YOUR GOAL:
From the line containing "USB-C Data and" onward, retype each line of the entries below exactly, last line included.

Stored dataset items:
BEGIN
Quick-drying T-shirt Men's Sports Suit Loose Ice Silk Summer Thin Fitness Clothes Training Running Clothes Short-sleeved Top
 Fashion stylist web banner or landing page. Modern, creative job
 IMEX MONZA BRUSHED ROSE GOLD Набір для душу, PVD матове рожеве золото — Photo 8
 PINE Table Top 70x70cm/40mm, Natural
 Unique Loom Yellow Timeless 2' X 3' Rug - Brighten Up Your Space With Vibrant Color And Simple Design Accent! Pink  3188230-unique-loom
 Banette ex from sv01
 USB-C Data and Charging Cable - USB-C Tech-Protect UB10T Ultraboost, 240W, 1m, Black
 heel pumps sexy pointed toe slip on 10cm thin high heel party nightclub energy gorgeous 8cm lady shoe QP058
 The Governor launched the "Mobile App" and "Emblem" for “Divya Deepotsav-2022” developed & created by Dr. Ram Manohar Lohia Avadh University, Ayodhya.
END
RESULT OF THIS EXERCISE:
 USB-C Data and Charging Cable - USB-C Tech-Protect UB10T Ultraboost, 240W, 1m, Black
 heel pumps sexy pointed toe slip on 10cm thin high heel party nightclub energy gorgeous 8cm lady shoe QP058
 The Governor launched the "Mobile App" and "Emblem" for “Divya Deepotsav-2022” developed & created by Dr. Ram Manohar Lohia Avadh University, Ayodhya.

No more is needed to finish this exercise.